Agentic AI From Foundations to Enterprise-Grade Systems
16 hours ago
IT & Software
[100% OFF] Agentic AI From Foundations to Enterprise-Grade Systems

Build Agentic AI with LangChain, LangGraph & CrewAI — create AI Agents, use tools, and manage memory.

5.0
18 students
9.5h total length
English
$0$34.99
100% OFF

Course Description

Agentic AI: From Foundations to Enterprise-Grade Systems

Course Overview

Welcome to Agentic AI: From Foundations to Enterprise-Grade Systems — your complete hands-on guide to designing, building, and deploying intelligent AI agents for real-world applications.

This course is built for developers, AI enthusiasts, and enterprise architects who want to go beyond prompting and explore the agentic capabilities of modern LLMs (Large Language Models).

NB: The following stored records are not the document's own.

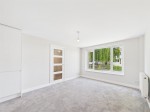 Images for Hastoe Park, Aylesbury, Buckinghamshire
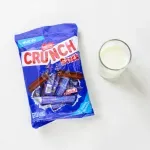 GTIN-7506475124973-04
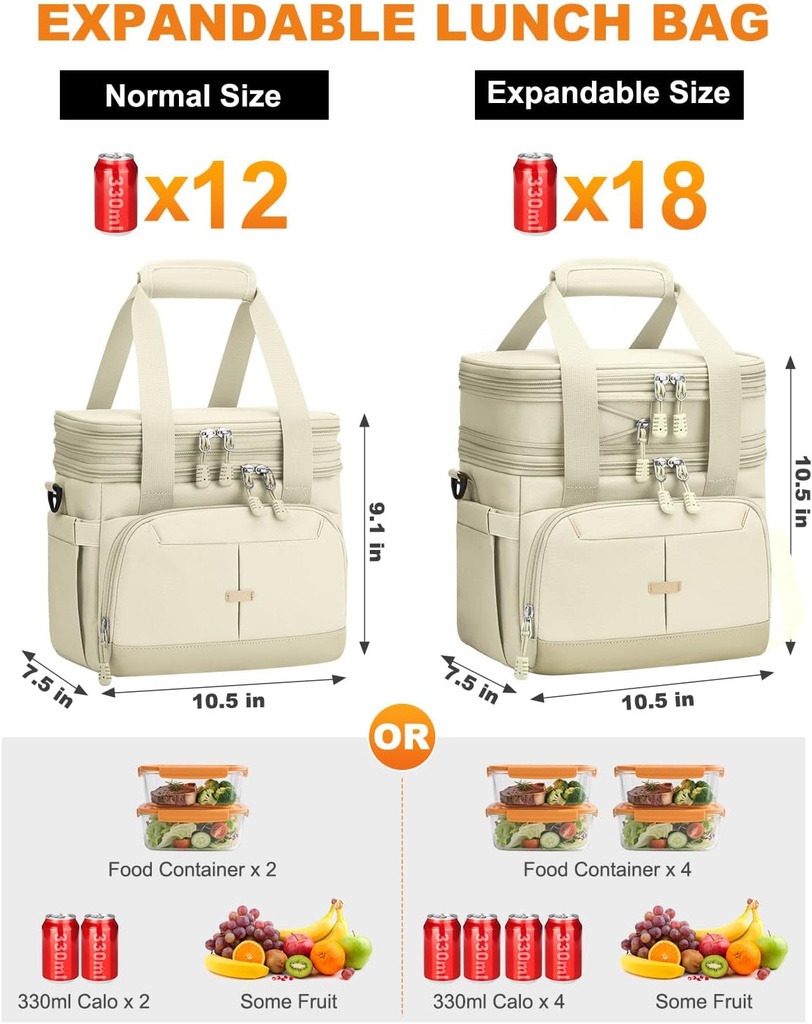lunch-box-for-men-women-double-deck-insu-3.jpg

You’ll learn how to structure AI agents, empower them with tools, manage their memory and state, and evolve them into enterprise-grade, multi-agent systems.

What You Will Learn

  • The fundamentals of Agentic AI and how it differs from traditional prompt engineering

  • Core architectural patterns like the ReAct pattern (Reasoning + Acting)

  • How to build a minimal ReAct agent from scratch in Python

  • How to integrate tools like web search, calculators, databases, APIs, and custom functions

  • Implementing multi-turn reasoning and agent tool-chaining

  • Handling errors, timeouts, and tool failures gracefully

  • Adding logging, monitoring, and agent evaluation capabilities

  • Architecting hierarchical agents, multi-agent collaborations, and role-based delegation

  • Designing and deploying enterprise-grade agents with:

    • LangChain

    • LangGraph

    • CrewAI

    • FAISS Vector Stores

    • OpenAI & Hugging Face Models

    • FastAPI / Flask

    • Cloud / On-Prem Deployment-ready setups

The fundamentals of Agentic AI and how it differs from traditional prompt engineering

Core architectural patterns like the ReAct pattern (Reasoning + Acting)

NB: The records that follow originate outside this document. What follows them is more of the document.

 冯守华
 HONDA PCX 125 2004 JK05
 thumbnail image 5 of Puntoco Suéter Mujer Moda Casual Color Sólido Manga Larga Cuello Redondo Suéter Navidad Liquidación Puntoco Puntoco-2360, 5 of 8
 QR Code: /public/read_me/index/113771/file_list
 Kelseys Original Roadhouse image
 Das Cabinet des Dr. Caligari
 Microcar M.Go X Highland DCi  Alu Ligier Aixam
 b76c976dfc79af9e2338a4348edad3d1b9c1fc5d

How to build a minimal ReAct agent from scratch in Python

How to integrate tools like web search, calculators, databases, APIs, and custom functions

Implementing multi-turn reasoning and agent tool-chaining

Handling errors, timeouts, and tool failures gracefully

Adding logging, monitoring, and agent evaluation capabilities

Architecting hierarchical agents, multi-agent collaborations, and role-based delegation

Designing and deploying enterprise-grade agents with:

  • LangChain

  • LangGraph

  • CrewAI

  • FAISS Vector Stores

  • OpenAI & Hugging Face Models

  • FastAPI / Flask

  • Cloud / On-Prem Deployment-ready setups

LangChain

LangGraph

CrewAI

FAISS Vector Stores

OpenAI & Hugging Face Models

FastAPI / Flask

Cloud / On-Prem Deployment-ready setups

Capstone Projects: Real-World Applications

We don't just teach theory — we build. At the end of the course, you'll complete 3 Capstone Projects that simulate real-world enterprise scenarios:

Capstone 1: Personal Research Assistant Agent

  • Given a topic or query, the agent autonomously gathers, summarizes, and synthesizes information from multiple sources and documents.

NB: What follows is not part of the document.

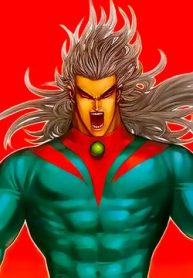 truyen-ngan-on-nhat-luong-hai-duong-thumb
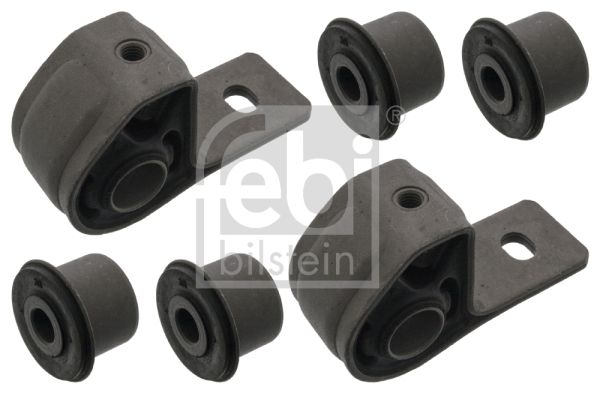 FEBI BILSTEIN Lagerung, Lenker (48619)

  • Uses ReAct reasoning, document retrieval via FAISS vector stores, LangChain tool orchestration, and memory management for contextual continuity.

  • Develop a Chat User Interface

Given a topic or query, the agent autonomously gathers, summarizes, and synthesizes information from multiple sources and documents.

Uses ReAct reasoning, document retrieval via FAISS vector stores, LangChain tool orchestration, and memory management for contextual continuity.

Develop a Chat User Interface

Capstone 2: Investment Research Analyst Agent

  • Given a company name and documents, the agent performs autonomous research, summarization, SWOT analysis, and red-flag detection.

  • Uses tool orchestration, LangChain agents, document loaders, and vector store retrieval.

  • Develop a UI for the use case

Given a company name and documents, the agent performs autonomous research, summarization, SWOT analysis, and red-flag detection.

Uses tool orchestration, LangChain agents, document loaders, and vector store retrieval.

Develop a UI for the use case

Technologies & Frameworks Covered

  • Agentic Design Patterns: ReAct, Hierarchical Agents

  • LLMs: OpenAI (GPT-4, GPT-3.5), Hugging Face Transformers

  • Frameworks: LangChain, LangGraph, CrewAI

  • Memory Architectures: Short-term, Long-term, Vector Store Memory (FAISS, ChromaDB)

  • Tool Integration: APIs, Web Search, Calculators, Custom Tools

  • Vector Databases: FAISS, BM25 hybrid retrieval

  • Server Frameworks: FastAPI, Flask

  • UI: Streamlit

  • Deployment Options: On-Premise, Cloud, Dockerized setups

  • Monitoring & Logging: Custom logging, Agent behavior evaluation, Prometheus, Grafana

  • Error Handling: Graceful fallbacks, retry logic, observation parsing

Agentic Design Patterns: ReAct, Hierarchical Agents

LLMs: OpenAI (GPT-4, GPT-3.5), Hugging Face Transformers

Frameworks: LangChain, LangGraph, CrewAI

Memory Architectures: Short-term, Long-term, Vector Store Memory (FAISS, ChromaDB)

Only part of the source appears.